Inferential Statistical Analysis and Modeling: Develop relevant predictive models and statistical analyses to generate insights about the underlying population and not simply the data at hand.

In this course, our primary focus is on the first four stages: you will take other courses that develop analytical and modeling techniques for a variety of data types. As we progress through the course, you will eventually be responsible for the first four steps. Specifically, you are responsible for the following stages of each mini-project:

Students’ Responsibilities in Mini-Project Analyses
	Ingest and Cleaning	Combination and Alignment	Descriptive Statistical Analysis	Visualization
Mini-Project #01			✓
Mini-Project #02		✓	✓	½
Mini-Project #03	½	✓	✓	✓
Mini-Project #04	✓	✓	✓	✓

In early stages of the course, such as this MP, I will ‘scaffold’ much of the analysis for you, leaving only those stages we have discussed in class for you to fill in. As the course progresses, the mini-projects will be more self-directed and results less standardized.

Rubric

STA 9750 Mini-Projects are evaluated using peer grading with meta-review by the course staff. Specifically, variants of the following rubric will be used for the mini-projects:

Mini-Project Grading Rubric
Course Element	Excellent (9-10)	Great (7-8)	Good (5-6)	Adequate (3-4)	Needs Improvement (1-2)	Extra Credit
Written Communication	Report is well-written and flows naturally. Motivation for key steps is clearly explained to reader without excessive detail. Key findings are highlighted and appropriately given context.	Report has no grammatical or writing issues. Writing is accessible and flows naturally. Key findings are highlighted, but lack suitable motivation and context.	Report has no grammatical or writing issues.

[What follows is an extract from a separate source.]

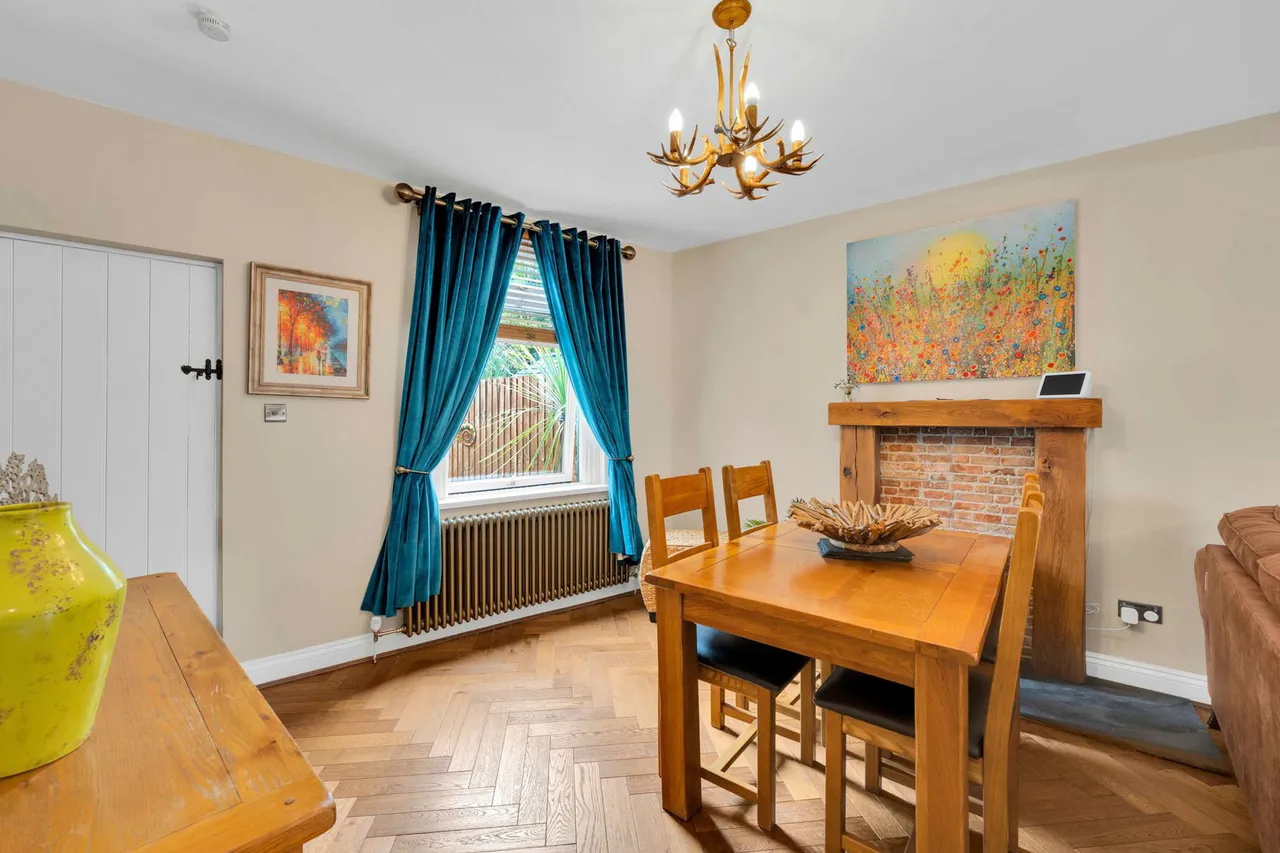 Prospect Place, Pontypool, photo 6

Key findings are present but insufficiently highlighted.	Writing is intelligible, but has some grammatical errors. Key findings are obscured.	Report exhibits significant weakness in written communication. Key points are difficult to discern.	Report includes extra context beyond instructor provided information.
Project Skeleton	Code completes all instructor-provided tasks correctly	Response to one instructor provided task is skipped, incorrect, or otherwise incomplete.	Responses to two instructor provided tasks are skipped, incorrect, or otherwise incomplete.	Response to three instructor provided tasks are skipped, incorrect, or otherwise incomplete.	Less than half of the instructor-provided tasks were successfully completed.	Report exhibits particularly creative insights beyond instructor specifications.
Formatting & Display	Tables have well-formatted column names, suitable numbers of digits, and attractive presentation. Table has a suitable caption.	Column names and digits are well-chosen, but formatting could be improved.	Bad column names (opaque variable names or other undefined acronyms)	Unfiltered ‘data dump’ instead of curated table.	No tables.	Report includes one or more high-quality graphics (created using `R`).
Code Quality	Code is (near) flawless. Code passes all `styler` and `lintr` type analyses without issue.	Comments give context of the analysis, not simply defining functions used in a particular line.	Code has well-chosen variable names and basic comments.	Code executes properly, but is difficult to read.	Code fails to execute properly.	Code takes advantage of advanced `Quarto` features to improve presentation of results.
Data Preparation	Automatic (10/10). Out of scope for this mini-project					Report modifies instructor-provided import code to use additional columns or data sources in a way that creates novel insights.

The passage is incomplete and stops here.